La mesure, qui devrait être signée par le président Joe Biden, ne permettra plus qu’un contrat de travail oblige les victimes à régler les cas d’agression sexuelle ou de harcèlement par arbitrage interne plutôt que par un tribunal — un mécanisme qui profite souvent aux employeurs et empêche les allégations d’inconduite de devenir publiques.

Par ailleurs, le projet de loi est rétroactif, ce qui annulera toutes ces dispositions dans les contrats de travail de tout le pays. Les employés pourront aussi intenter maintenant une action en justice.

La sénatrice Kirsten Gillibrand, qui a parrainé le projet de loi, a parlé de « l’une des réformes du milieu de travail les plus importantes de l’histoire américaine ». La sénatrice démocrate de l’État de New York a déclaré que le « processus d’arbitrage forcé » était secret et biaisé, et qu’il privait les Américains d’un droit constitutionnel fondamental : se faire entendre devant un tribunal.

Appui des deux partis

Mme Gillibrand, qui s’est concentrée en politique sur la lutte contre le harcèlement sexuel et les inconduites sexuelles dans l’armée, avait déposé le projet de loi en 2017, avec le sénateur républicain Lindsey Graham.

Le projet de loi bénéficiait du soutien inhabituel des deux partis au sein d’un Congrès américain extrêmement polarisé. Cela a permis au projet de loi d’être adopté au Sénat par consentement unanime — une procédure rarement utilisée pour un projet de loi important, en particulier s’il touche des dizaines de millions d’Américains.

La Chambre des représentants a adopté le projet de loi cette semaine sur une forte base bipartite, par un vote de 335 à 97.

Chez Fox News

Une ancienne présentatrice de « Fox News », Gretchen Carlson, a témoigné en faveur du projet de loi.
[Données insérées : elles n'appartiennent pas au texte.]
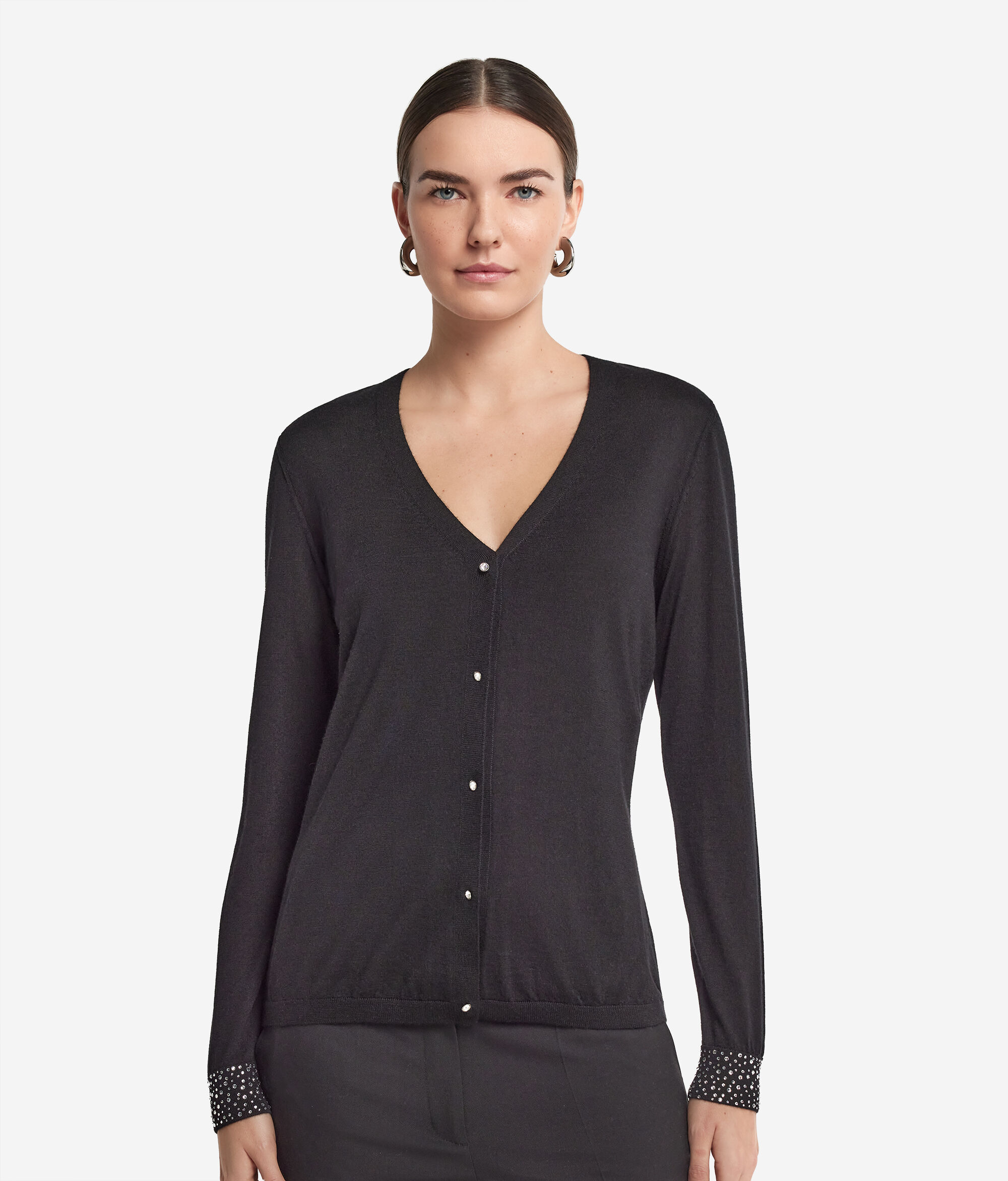 Ultrafine Cashmere Sweater with Rhinestones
Elle avait accusé le PDG du réseau Roger Ailes, aujourd’hui décédé, de lui avoir fait des avances non désirées et d’avoir ensuite nui à sa carrière.

PHOTO J. SCOTT APPLEWHITE, ASSOCIATED PRESS

Une ancienne présentatrice de « Fox News », Gretchen Carlson (à droite), a célébré l’adoption de la loi avec la sénatrice Gillibrand. Elle avait témoigné en faveur du projet de loi.

Certains contrats d’employés de la chaîne Fox comportaient des clauses d’arbitrage contraignantes.

On estime que 60 millions de travailleurs américains sont soumis actuellement à de telles dispositions insérées dans leur contrat de travail. Cette pratique répandue a été fortement critiquée à la suite du mouvement #metoo.

Le chef de la majorité démocrate au Sénat, Chuck Schumer, a qualifié de « presque médiéval » le fait de forcer les victimes de harcèlement et d’agression « à se taire, à n’en parler à personne et à ne pas demander justice ».